Article 13B(d)(d) requires Member States to exempt from VAT "the management of special investment funds as defined by Member States". The AG concluded that assets can only be considered to be pooled where the beneficiaries bear the risk of the investment. The fact that contributions are made by an employer as part of remuneration and that payments out of the fund are only made upon retirement is irrelevant, as long as the beneficiary has a secure legal position with respect to his or her assets. This is for the national courts to decide, although the AG did note that where the investment is lost in the case of death and does not fall to the heirs of the beneficiary, it is unlikely that the beneficiary could be viewed as having a secure legal position.
Although the approach and methodology adopted by the AG in this case differed in some important respects from the approach adopted by the CJEU in the Wheels case (for example the AG dismissed the purpose of the investment as irrelevant in ATP), in both cases a crucial factor in determining whether the pension fund constituted a "special investment fund" was whether or not the beneficiaries bore the cost of the fund and the risk of their investment. In a DC context this is clearly an easier hurdle to jump than in a DB context.

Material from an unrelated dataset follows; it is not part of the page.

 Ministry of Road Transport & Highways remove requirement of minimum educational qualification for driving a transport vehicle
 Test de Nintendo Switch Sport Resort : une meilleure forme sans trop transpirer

The AG left several questions unanswered. In particular, he did not give an opinion on what services would constitute "management" of a special investment fund. The PPG case has previously suggested that this should cover investment services as well as administration services. Nor did he give any indication of how the exemption for the management of special investment funds should be distinguished from other exemptions (such as the exemption in Article 13B(d)(3)).
Whether or not the CJEU will follow the AG's opinion when it delivers its ruling remains to be seen. The decision will be awaited with interest by employers and trustees of both DB and DC occupational arrangements and those involved in their management, as will the comments of HMRC.